Colin Bemis [Interview]

Independent film is one of the many topics that we hold very dear to our hearts here at Trainwreck’d Society. It is by and large the best field to digitally explore in the world of art and entertainment, in this one fool’s opinion. And we have some words from a damn fine independent filmmaker today who has a debut project coming that is coming simple blow your fucking minds. His name is Colin Bemis. His film is Strawberry Flavored Plastic. And this film has already topped my list for one of the best films of 2018 thus far, and is not likely to move much further. Just a head’s up, we will be talking about the film this coming Sunday for our Matinee session. So be excited about that!

But before we get into that, how about we hear directly from the proverbial horse’s mouth, and share some amazing words from a new brilliant mind in cinema, the great Colin Bemis!

How did you find yourself in the world of filmmaking? How did you decide that this was what you wanted to do for a living?

I was lucky enough to develop my intense love of filmmaking at an absurdly tender age, so around five years old or so I was telling everybody that I was going to make films. My understanding and lucidity of what that actually meant naturally expanded as I got older, but it’s always been the one thing I’ve ever wanted to do. And so it was that that’s what I did.

I really enjoyed your film Strawberry Flavored Plastic a great deal. I thought it was truly original and obviously, warped as shit! So where did this idea come from? What inspired you to tell this tale?

Thank you so kindly for the sentiments! Really, we appreciate them immensely. The origins of the story revolved around a few main ideas that germinated into what the film eventually became. One of those ideas revolved around a real life person whom a friend of mine had worked with for many years, and the sort of lunacy and unhinged nature of this person (non-violent, might I add) whom I heard stories about sort of grabbed my attention. Coupling that with an innate desire to tell a layered, challenging and relevant tale, it all built itself into what SFP became. It’s also worth noting that I’m absolutely fascinated with the concept of nearly forcing an audience to align themselves with a questionable character; there are many positive and sympathetic facets to Noel’s character that run parallel to his darker and sociopathic side, and I really wanted to explore that and expand upon those notions.

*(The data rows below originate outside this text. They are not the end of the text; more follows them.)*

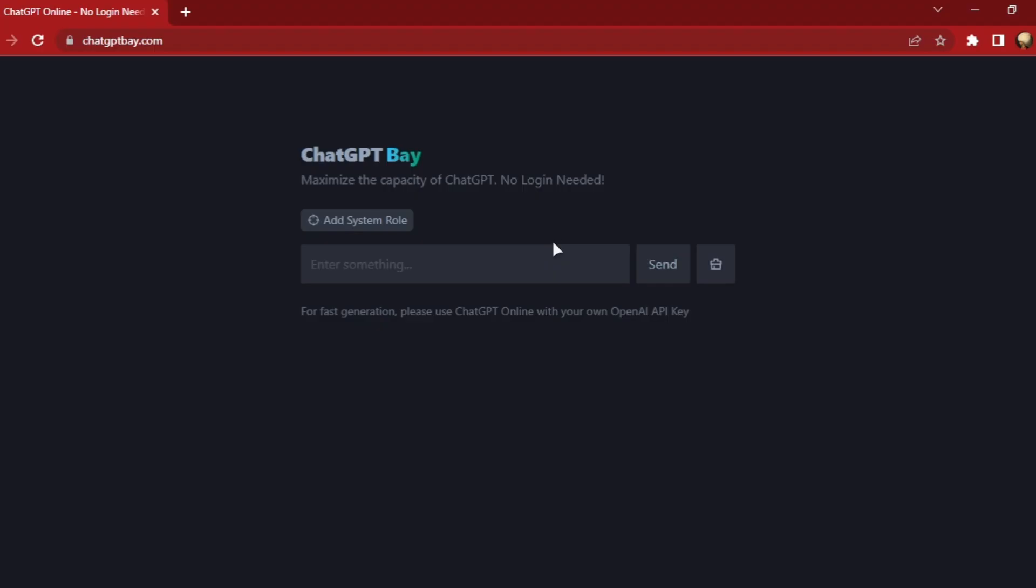If you don't want to sign up on the OpenAI website to use ChatGPT, then it's alright now. Because there is a website called ChatGPT Bay that can let you access ChatGPT for free and without any login or registration.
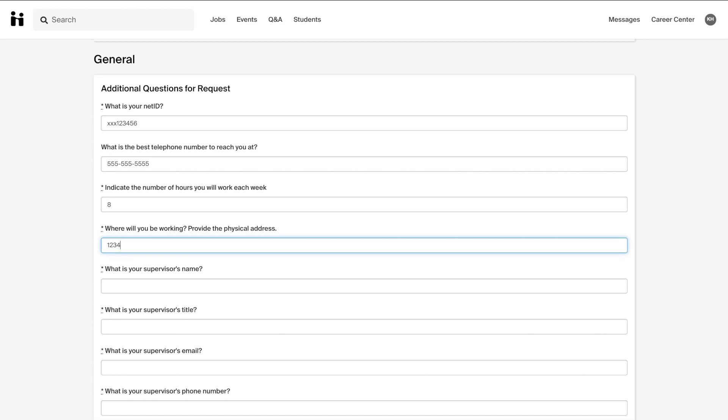Within this general section, please include the physical address of where you will actually be working. This could be a local office or workspace that is not necessarily the headquarter location.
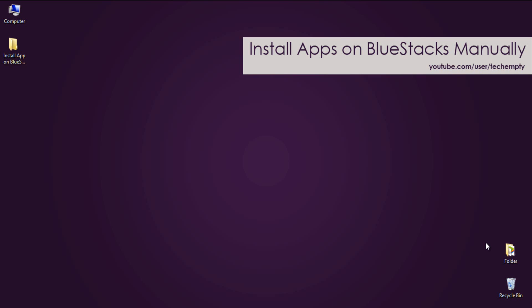Hello guys, this is Praveen for TechMD.com. In this tutorial I am going to show you the process of installing Android apps on BlueStacks manually without using Play Store.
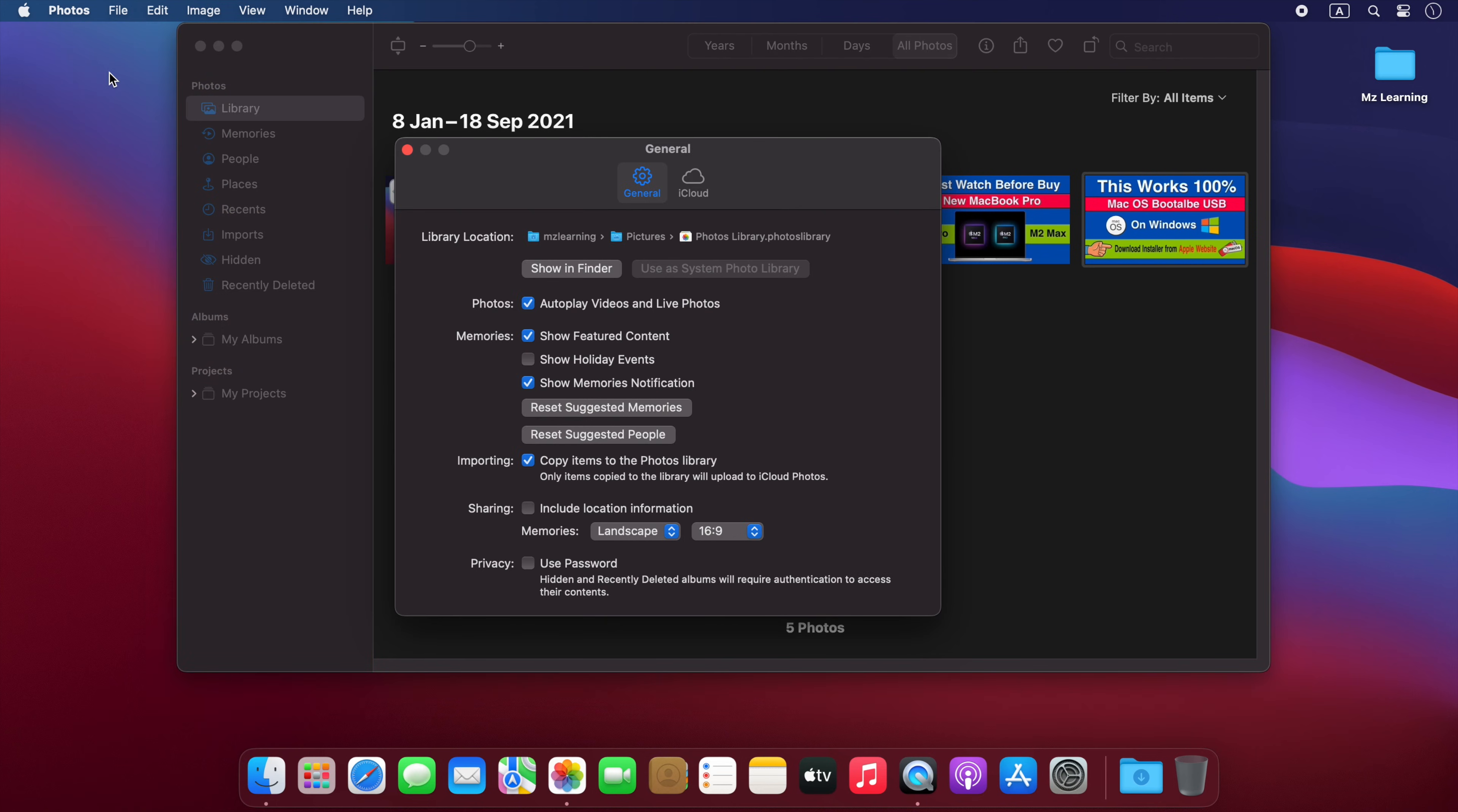In the Settings window, under the General tab, you will see an option for Privacy. If you don't see this option, please upgrade your Mac operating system to macOS Ventura or later. Enable this feature by checking the box in front of it.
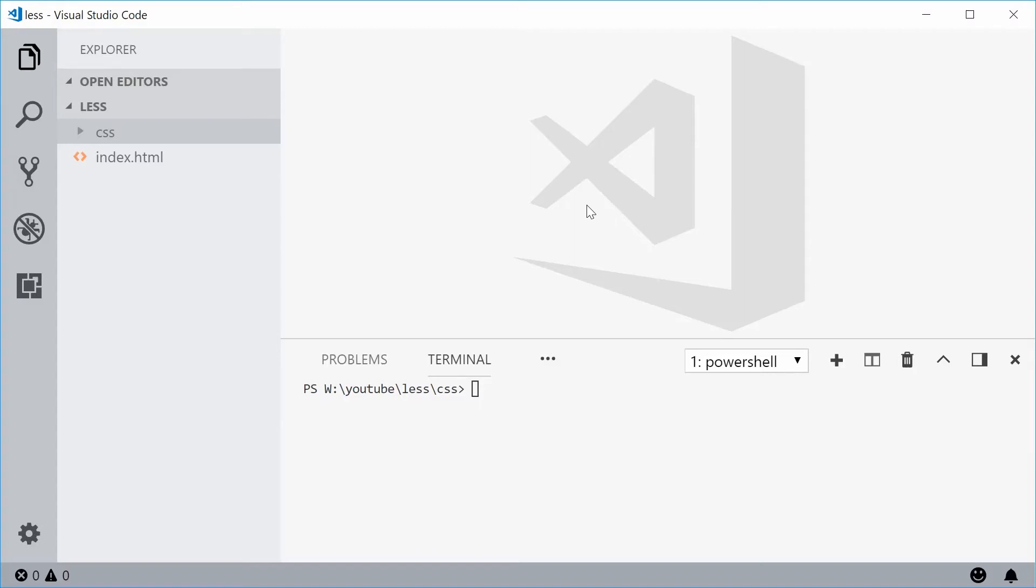How's it going guys? My name is Dom and today I want to show you how to install LESS. LESS is basically just a CSS extension which allows you to take advantage of many more features within your CSS code.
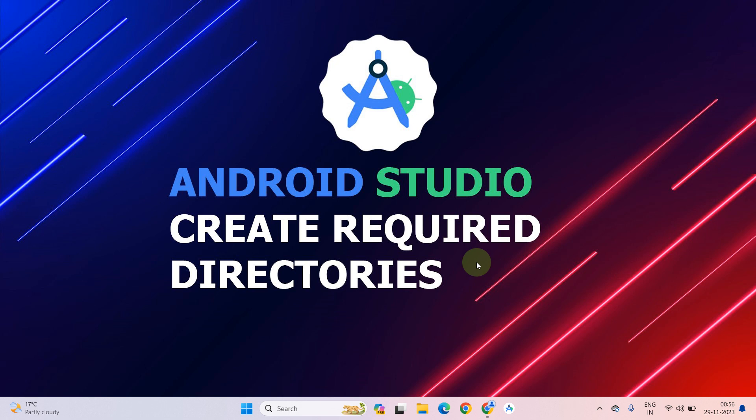Hello everyone. In this lecture you will learn how to create a folder or directory inside Android Studio.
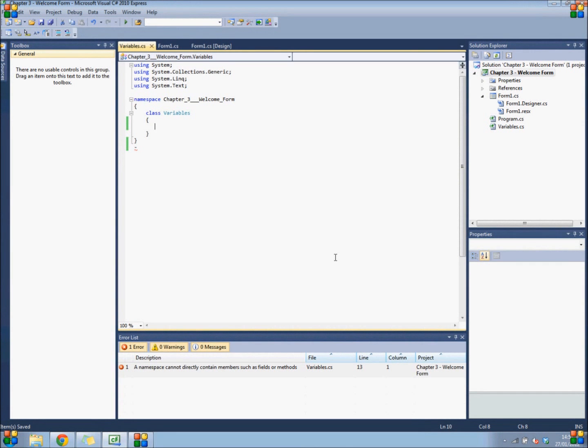Hello everybody and welcome to the third in a series of beginners C-sharp tutorials. In today's lesson we are going to be learning about variables.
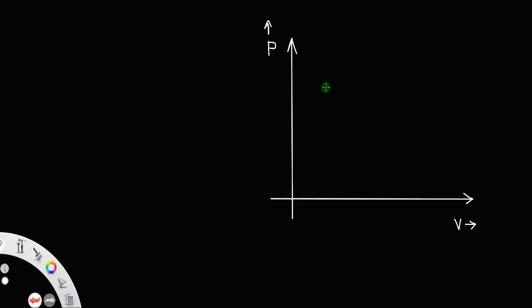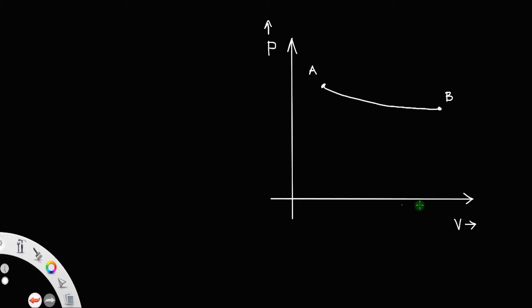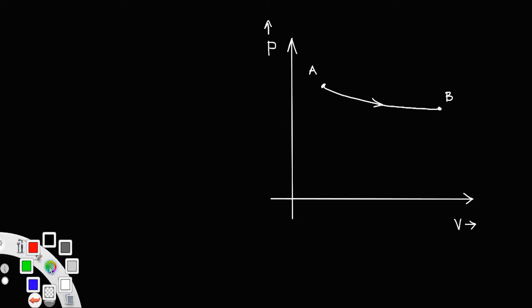The first process is the gas will expand from point A to point B. As you move towards the right on the x-axis, the volume increases. So the volume at A is less than the volume at B, which means the volume at B is greater and the gas is expanding. Here the temperature remains constant, so this expansion is called isothermal expansion.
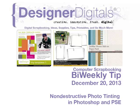Welcome to Designer Digital's Bi-Weekly Tip, December 20, 2013. This week: photo tinting using adjustment layer presets in Photoshop and Photoshop Elements.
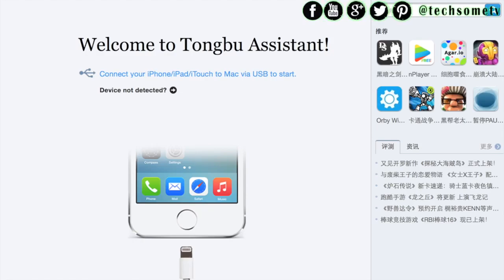Welcome back to TechSum. Today, I am going to tell you how to get some more free space on your iPhone, iPad, or iPod touch.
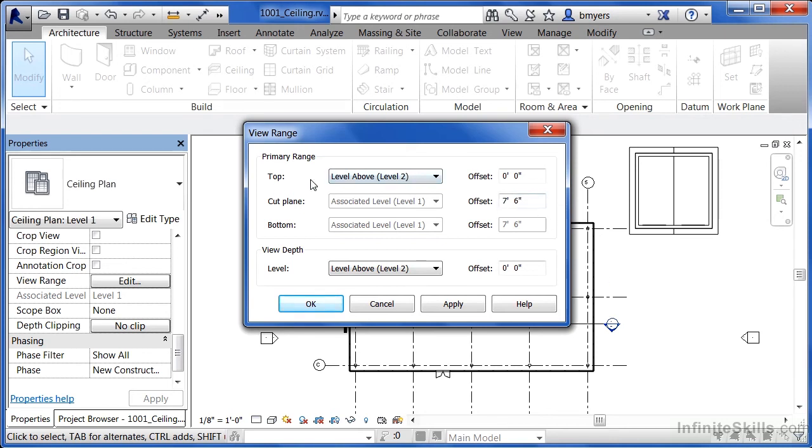Then the top is level two above, zero feet, zero inches. So at exactly level two, that's as far up as we can see.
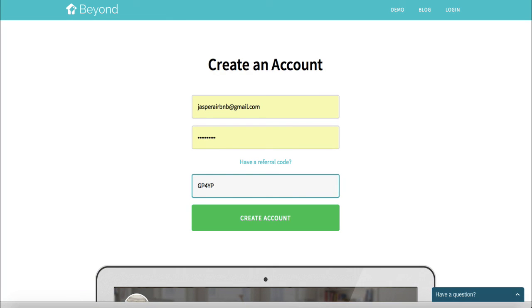Just for full transparency, I do get a few dollars commission if you use my code. So if you do, thank you so much for the support — it's a win-win and I'm sure you'll like this application.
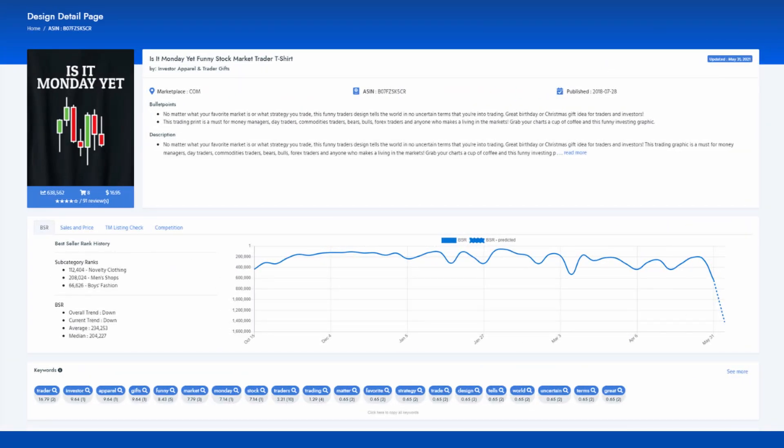Niche Number 1: Is it Monday yet? This design was published 3 years ago and has a total number of 91 reviews. I want you to notice the brand name as it's a great example of what your brand should look like. Many people tend to just copy the product title and use it as the brand name. Even if it works, it doesn't look professional and you cannot build a trusted brand name for your product.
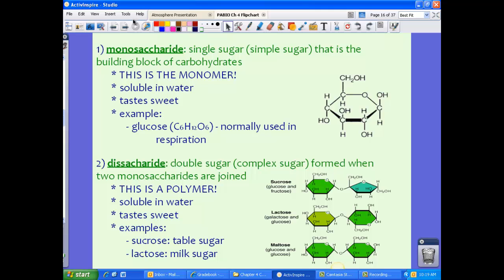Let's talk about monosaccharides first. Mono means one, so we're talking about a single sugar or simple sugar that is the building block of carbohydrates. This is actually the monomer — the puzzle piece that makes up everything else. Monosaccharides are soluble in water, they taste sweet, and an example is glucose, which is normally used in respiration. Notice the ratio: carbon, hydrogen, and oxygen atoms in a ratio of one to two to one.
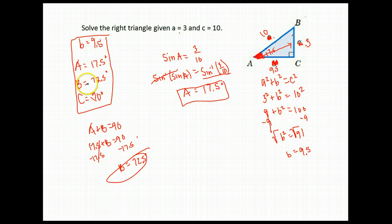Angle A is 17.5 degrees, angle B is 72.5 degrees, and angle C is 90 degrees.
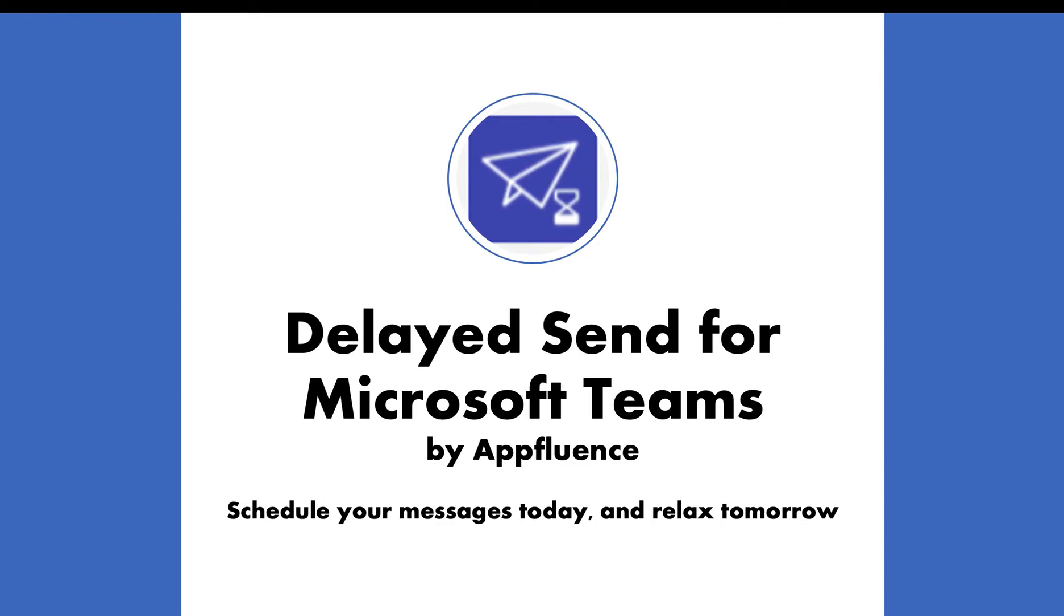AppFluence is happy to announce Delayed Send, an application to help you schedule your messages today so you can relax tomorrow.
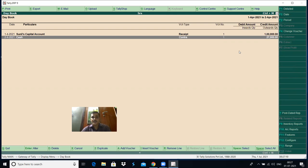From the next class, let us take some genuine problems and enter the transactions. Thank you.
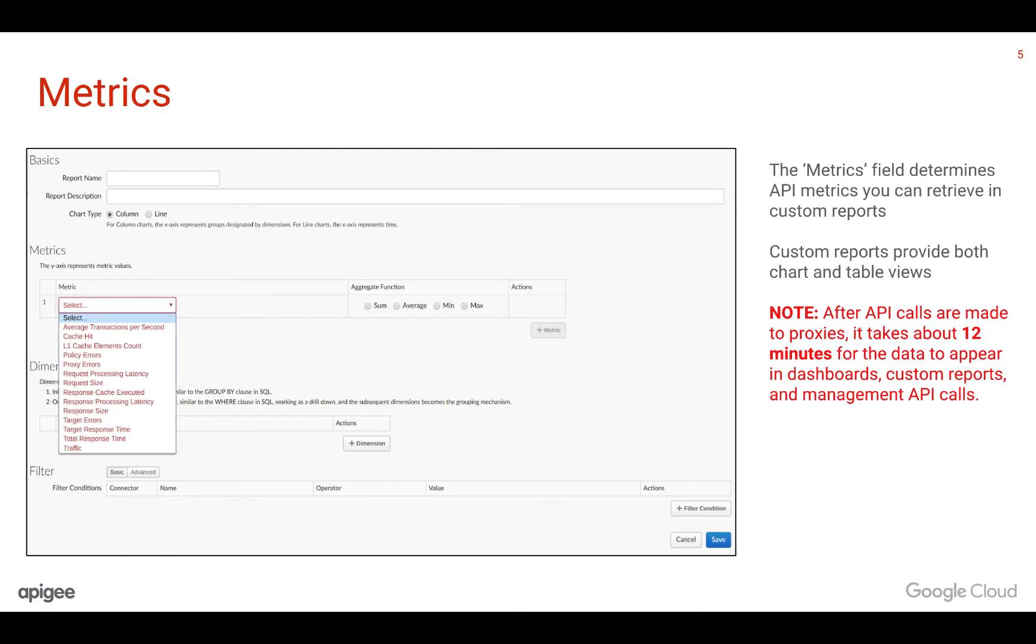The metrics field filters the traffic based on the API metric being specified. For example, the target errors metric will give you the number of error responses caused by the target, i.e., the customer backend. To know more about the other metrics and the definitions, please visit docs.apigee.com.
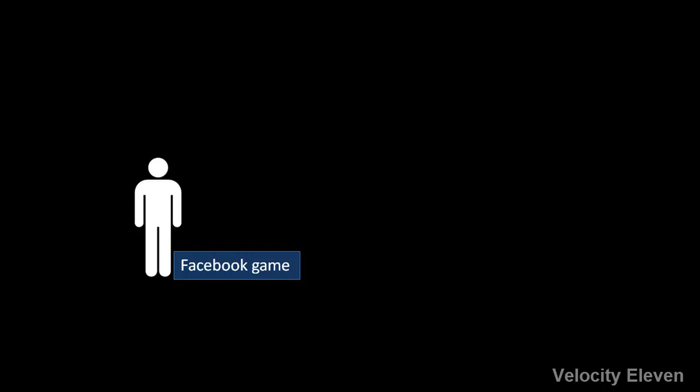If you've ever stumbled upon one of the many Facebook games out there, you may be familiar with the concept of energy, and if not, allow me to explain.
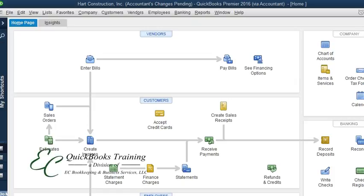Hello everyone, welcome to EC QuickBooks training. Today I'll show you how to remove the restrictions that are pending due to an accountant's copy.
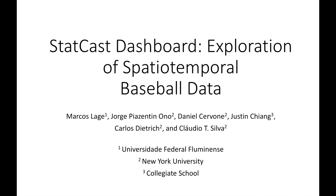StatCast is a revolutionary tool because it tracks a player's mechanics rather than the results on the field. Our StatCast Dashboard helps us take advantage of the benefits of StatCast by providing a means of visualization for anyone, regardless of his or her programming knowledge.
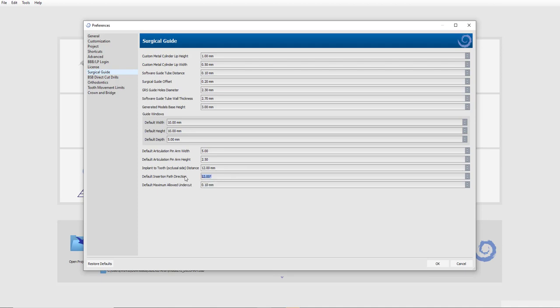Based on user feedback, 30 degrees was too much. In this release, we have updated the default path of insertion to 12 degrees. As I mentioned, in older previous releases, this was automatically set to zero. We didn't even have this field here, and we didn't allow the user to change it.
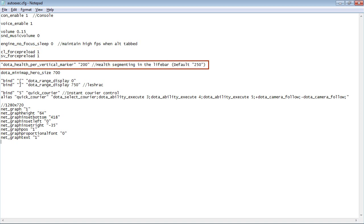I want the health segments to only represent 200 hit points instead of the default 250 because when I cast a spell, I'll want to know if I can kill them or not. 250 is too high for most spells to kill someone.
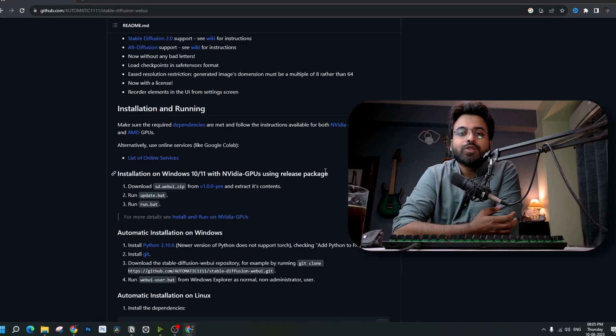Automatic1111 developers have made installing Stable Diffusion on your PC so easy that it would be a crime not to talk about it. Especially if you have NVIDIA GPUs like me or most others, it takes only three steps: Download, Extract, Run. That's it.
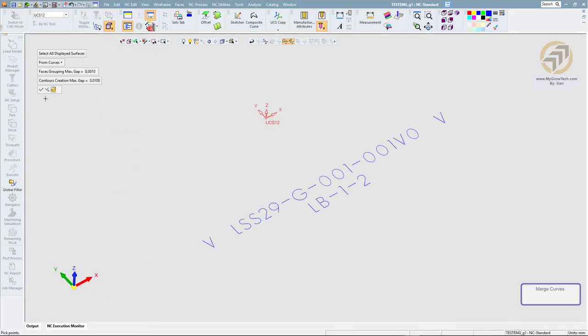To avoid the gaps, normally you put 0.1 here. This gap means that if there's a gap between two sections, if the gap is smaller than this value, then you treat these two sections to be one contour. If the gap is bigger than this value, then it will treat these two sections as two different contours. That's the meaning.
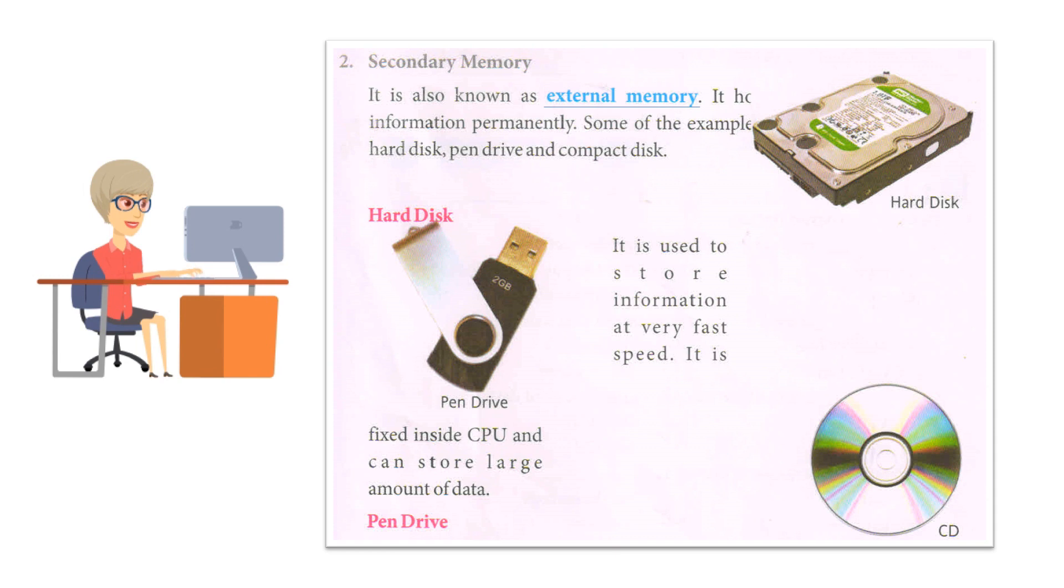Hard disk: it is used to store information at very fast speed. It is fixed inside CPU and can store large amount of data.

I thought Aidan Bristow’s portrayal in this film was absolutely phenomenal. In your own mind, was Aidan’s take on the character you had written spot on with what you had already conceived in your mind? Or did he put a different spin on it?

There can never be enough said about Aidan’s contributions to the film or his standout performance. One of the most exciting elements of what we did with Noel’s character was, quite naturally, to have endlessly extensive discussions about every facet of who Noel was, where he came from, what created him and where he would go. That said, the character on the page grew, morphed and developed in enormous thanks to those discussions as well as the endless stream of ideas that Aidan brought to the table. He developed a lot of Noel’s backstory and infused not only life but the soul into Noel. Without Aidan, Noel simply wouldn’t exist.

What would you consider to be your dream project? If you were given free reign to make whatever you would like, or to jump into an sort of established series, what would you do?

Any film actually getting made is an enormous miracle to begin with, much less getting it out into the world and watching it find its audience! So I have to express my massive gratitude that SFP even came to be, with further thanks and love to our amazing cast, crew and sales reps (The Octoberists.) I’m lucky enough to have done a massive amount of writing in my leading up to my debut feature, so I’m happy to say that my dream project is going to be my sophomore feature. While I’ll always be open to reading scripts and the possibility of dabbling in established series and stories, my heart is primarily focused on bringing to life a handful of features that are already ready to go.

What does the future hold for you? Anything you would like to plug to our readers?

I’m currently developing my next film, We’ve Dreamt of Demons, with an eye towards shooting it later this year. I most certainly have plans for the next two films after that, but I’m more than thrilled to maintain my focus on just this next one! That said, I’ll be doing some peripheral producing work as well throughout 2018.

What was the last thing that made you smile?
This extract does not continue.